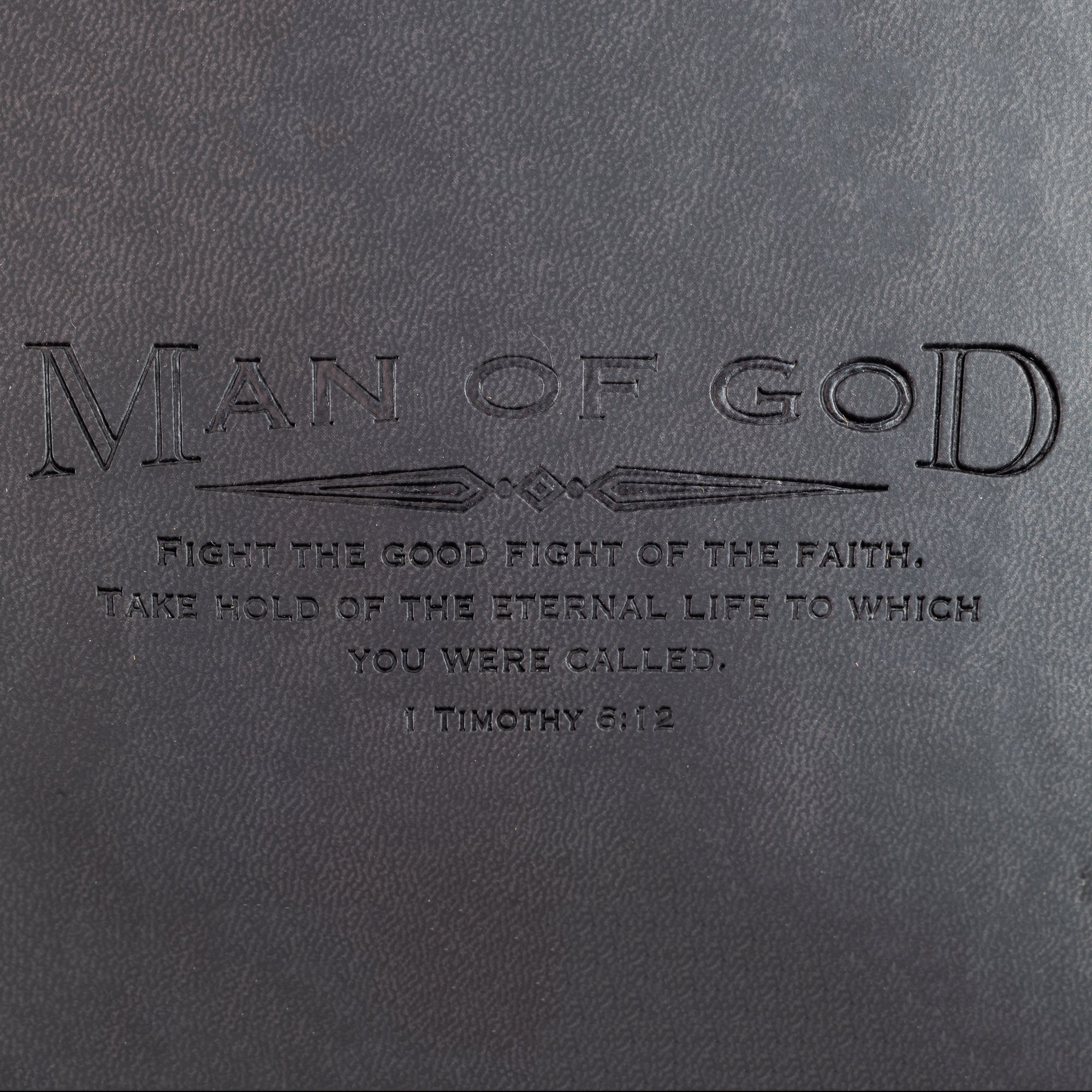 Faux Leather Journal : Man Of God With Cross Charm Black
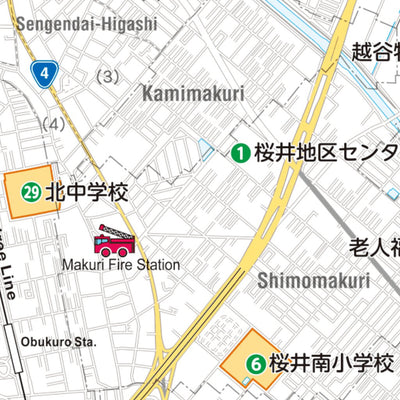 Koshigaya city evacuation area / shelters map Preview 3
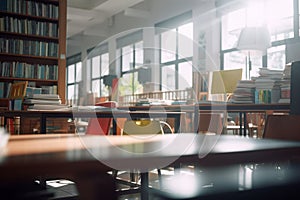 Quiet Haven: An Empty High School Library Bathed in Light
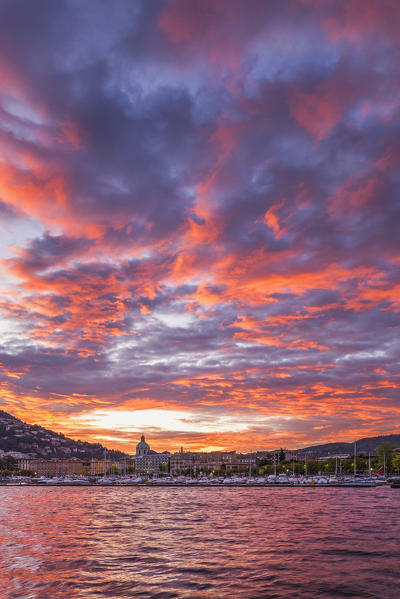 Sunrise on Como city and lake Como, Lombardy, Italy, Europe
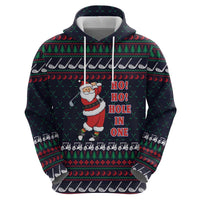 Santa Hole in One Christmas Zip Hoodie with Golf Clubs and Festive Pattern - Wonder Print Shop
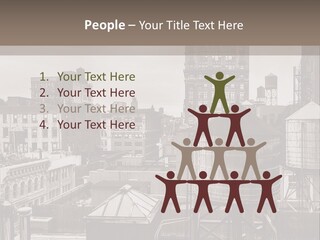 A Black And White Photo Of A City Skyline PowerPoint Template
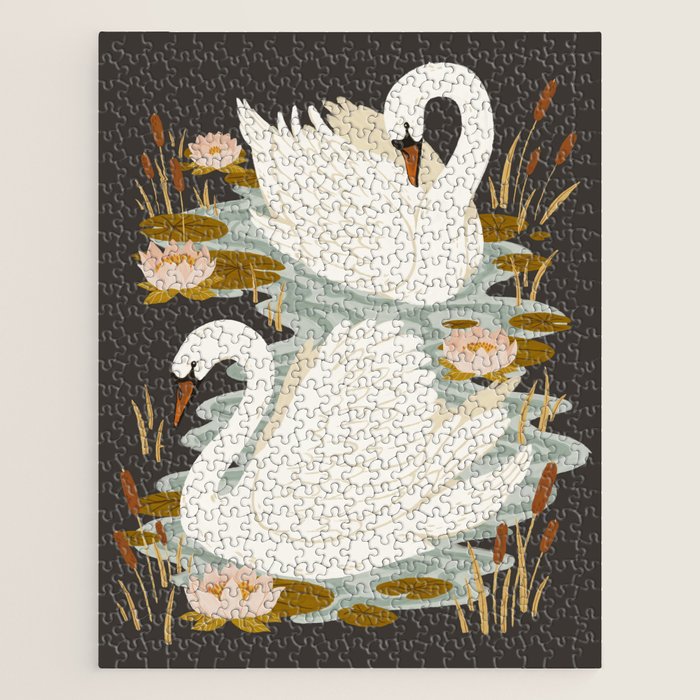 Swan Dance - Charcoal Black Background Jigsaw Puzzle Gallery Image 1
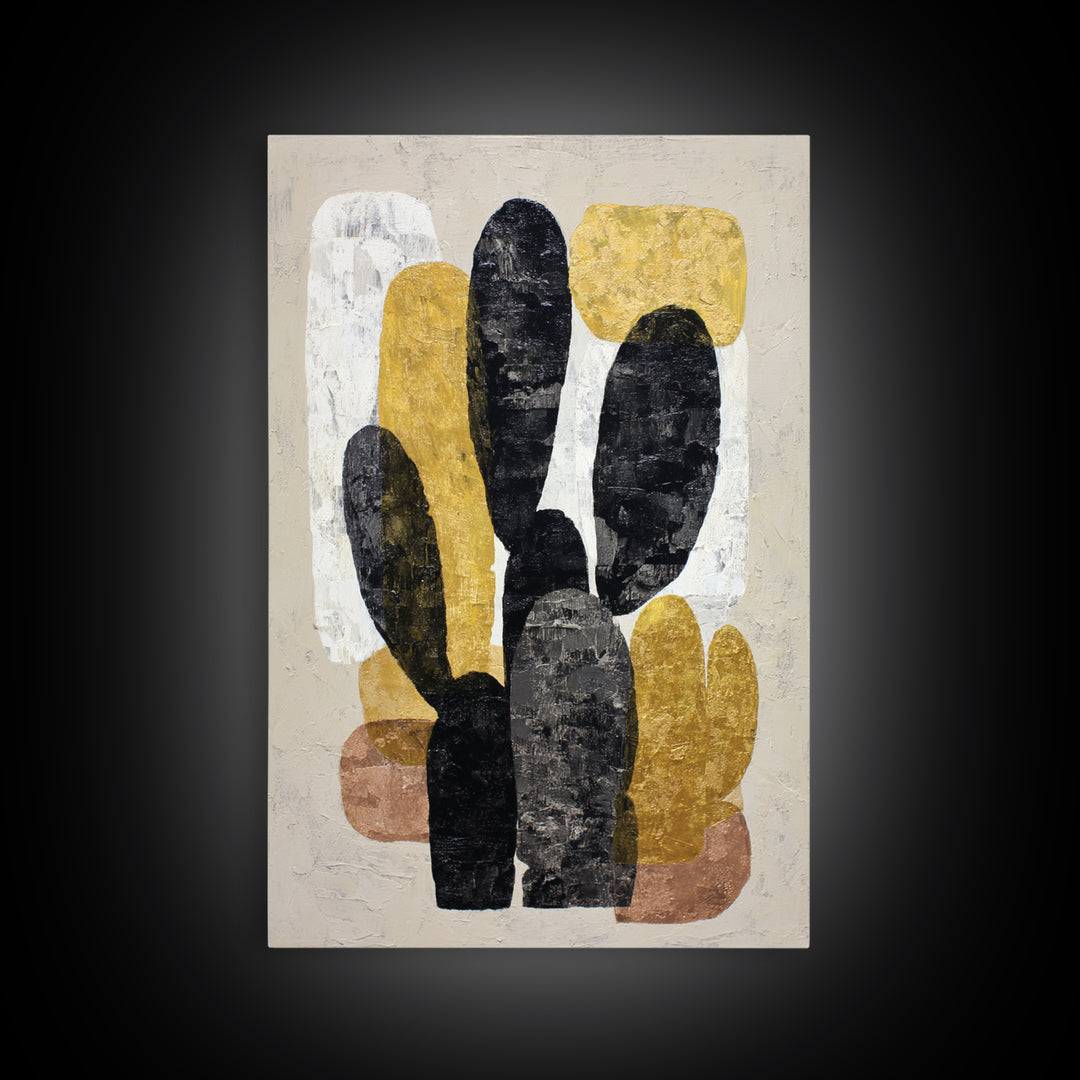 Black and White Cactus Silhouette Framed Canvas Print, Minimalist Art, Minimalist, Living Room Decor, Fine Art, Minimal, MIN-2x3-100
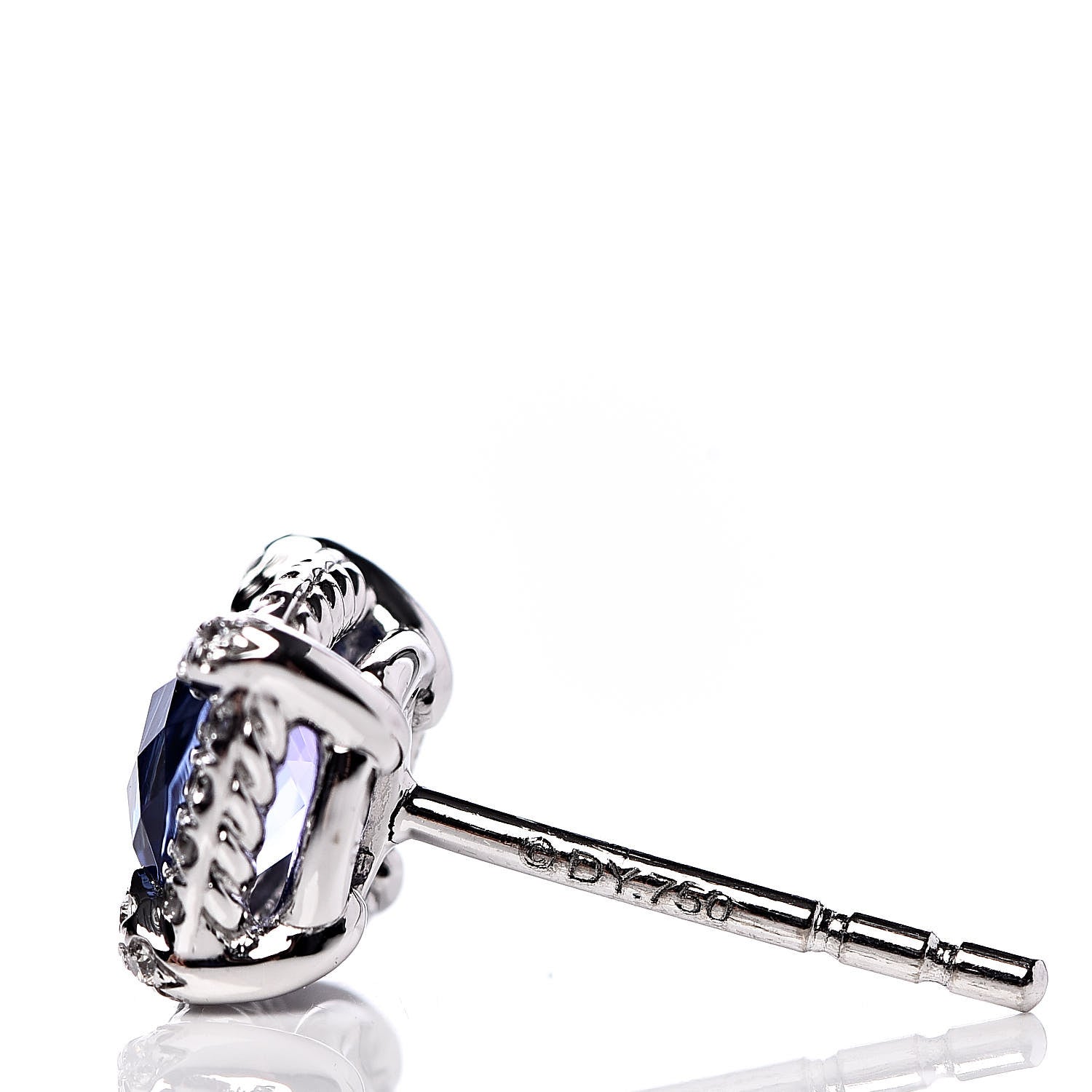 David Yurman 18K White Gold Tanzanite Diamond 5mm Chatelaine Bezel Stud Earrings 4 of 4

| Task objective |
Return exactly the lines that appear in the data above between the line containing "Koshigaya city evacuation" and the line containing "A Black And", both of which are included, and leave the pictures out.

| Response area |
 Koshigaya city evacuation area / shelters map Preview 3
 Quiet Haven: An Empty High School Library Bathed in Light
 Sunrise on Como city and lake Como, Lombardy, Italy, Europe
 Santa Hole in One Christmas Zip Hoodie with Golf Clubs and Festive Pattern - Wonder Print Shop
 A Black And White Photo Of A City Skyline PowerPoint Template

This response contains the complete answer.